PG&E’s $2 billion rate increase gets no support at Santa Rosa public hearing

Critics said many people can't afford a $10-a-month rate increase and others said the bankrupt utility was untrustworthy.|

PG&E found few supporters at a public hearing Wednesday on the company’s request for a $2 billion gas and electric rate increase that requires approval from California’s ?utility watchdog.

About 30 people attended the first in a pair of hearings held in the afternoon and evening, and the seven who spoke heaped criticism on the embattled power company, some of them speaking in emotional tones.

A much larger crowd attended the evening hearing in the Santa Rosa City Council chambers, also held by administrative law judges for the California Public Utilities Commission.

Pacific Gas & Electric, which is also engaged in bankruptcy proceedings, filed a request in December for a 6.4% rate hike that would add $10.57 a month to the typical gas and electric customer’s bill next year.
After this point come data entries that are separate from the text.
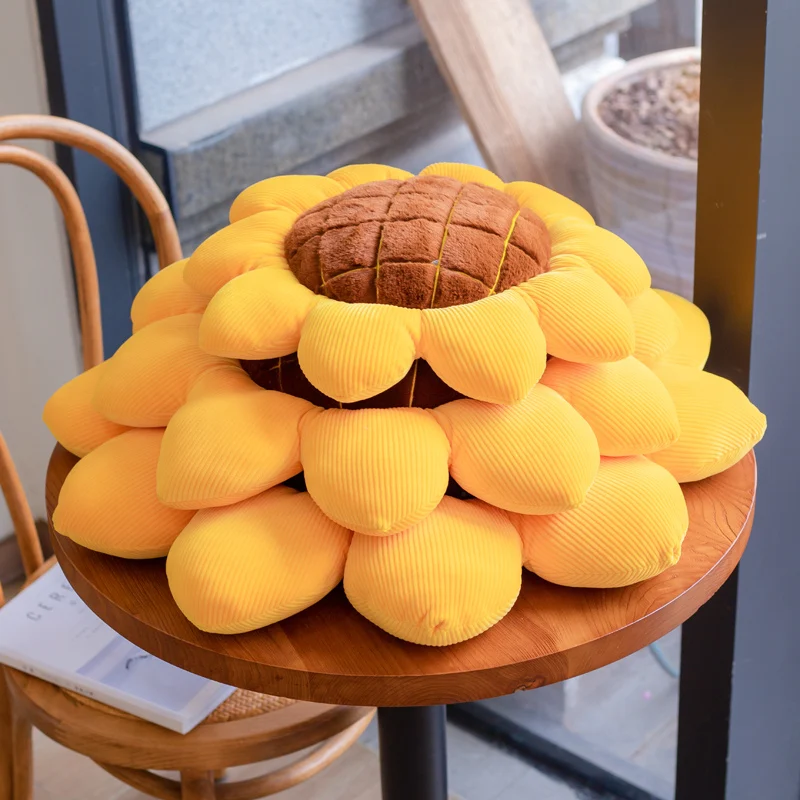 Peluche cojín girasol para sofá y sillita infantil - imagen 3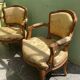 Pair of children's cabriolet armchairs in Louis XV style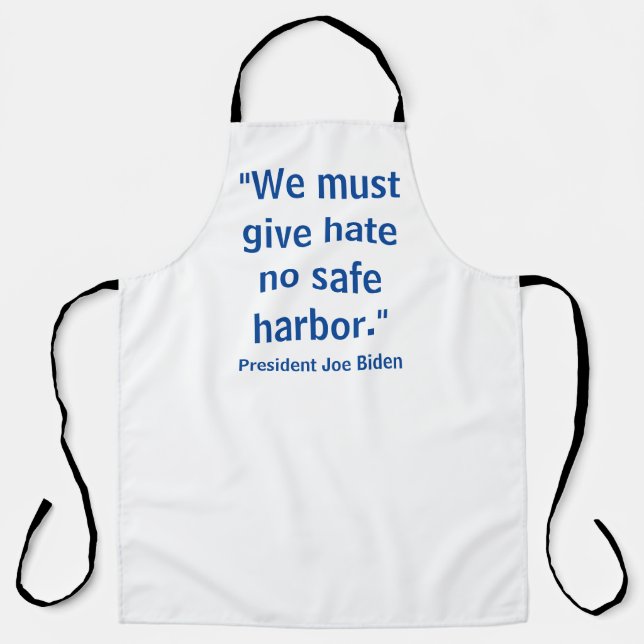 Give Hate No Safe Harbour - Joe Biden Men's Apron (Front)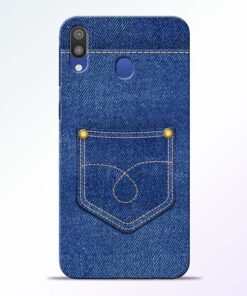 Blue Pocket Samsung Galaxy M20 Mobile Cover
The new rates would boost company revenues by $1.1 billion in 2020, by $454 million in 2021 and by ?$486 million in 2022.

John Simon, a PG&E executive vice president, acknowledged that the rate proposal “comes at a difficult time,” adding the company’s commitment is to “keep customer costs as low as possible while meeting our responsibility to safely serve all of our customers.”

Half of the added revenue would be spent on wildfire prevention and risk reduction and none on PG&E officer compensation or wildfire claims related to the bankruptcy case, he said.

Paul Feinstein of Sebastopol said there was a “basic unfairness” in Californians paying ?24 cents per kilowatt hour for electricity, which he said was three times the national average.

The U.S. Energy Information Administration reports the national average for residents is ?13 cents and California’s rate is 19 cents per kWh.

“There are many people who simply cannot afford these rates,” Feinstein told administrative law judges Rafael Lirag and Elaine Lau.

Will Abrams, whose family survived a harrowing escape from the Tubbs fire in 2017, said PG&E was not trustworthy and should be required to “demonstrate the amount of risk you will reduce” with the additional revenue.

“It needs to be measurable” in risk, he said, rather than by the numbers of trees trimmed or power poles strengthened.

Heather A. Young of Santa Rosa said the cost of safety improvements should not fall on utility ratepayers.

“In our capitalist system, shareholders are supposed to be bearing the risk,” she said.

Jon Deavers’ voice cracked as he accused PG&E of misconduct and expressed skepticism over the rate-setting process.

“Stop listening to what they say and pay attention to what they’ve done,” he said. “For the love of God, you have to have the courage to break the cycle.”

Deavers is the boyfriend of Jessica Tunis, whose mother, Linda, died in the Tubbs fire.

Roseland resident Duane DeWitt said the “system is always slanted toward the power of the corporate entities in this state.”

Joseph Oñate, a Butte County resident, accused the utilities commission of being “compliant with PG&E” and failing to protect the public.

The commission and the utility “have all the resources in the world” to make needed changes “but it didn’t happen,” he said.

Oñate said he nearly lost his home and knows people who lost theirs in the Camp fire, which killed 85 people and destroyed Paradise in November.

Simon was not made available for an interview following the afternoon hearing.

“I would say we’re here to listen,” said Kristi Jourdan, a PG&E spokeswoman.

The Santa Rosa hearings were among nine locations for PUC public forums on PG&E’s rate hike proposal.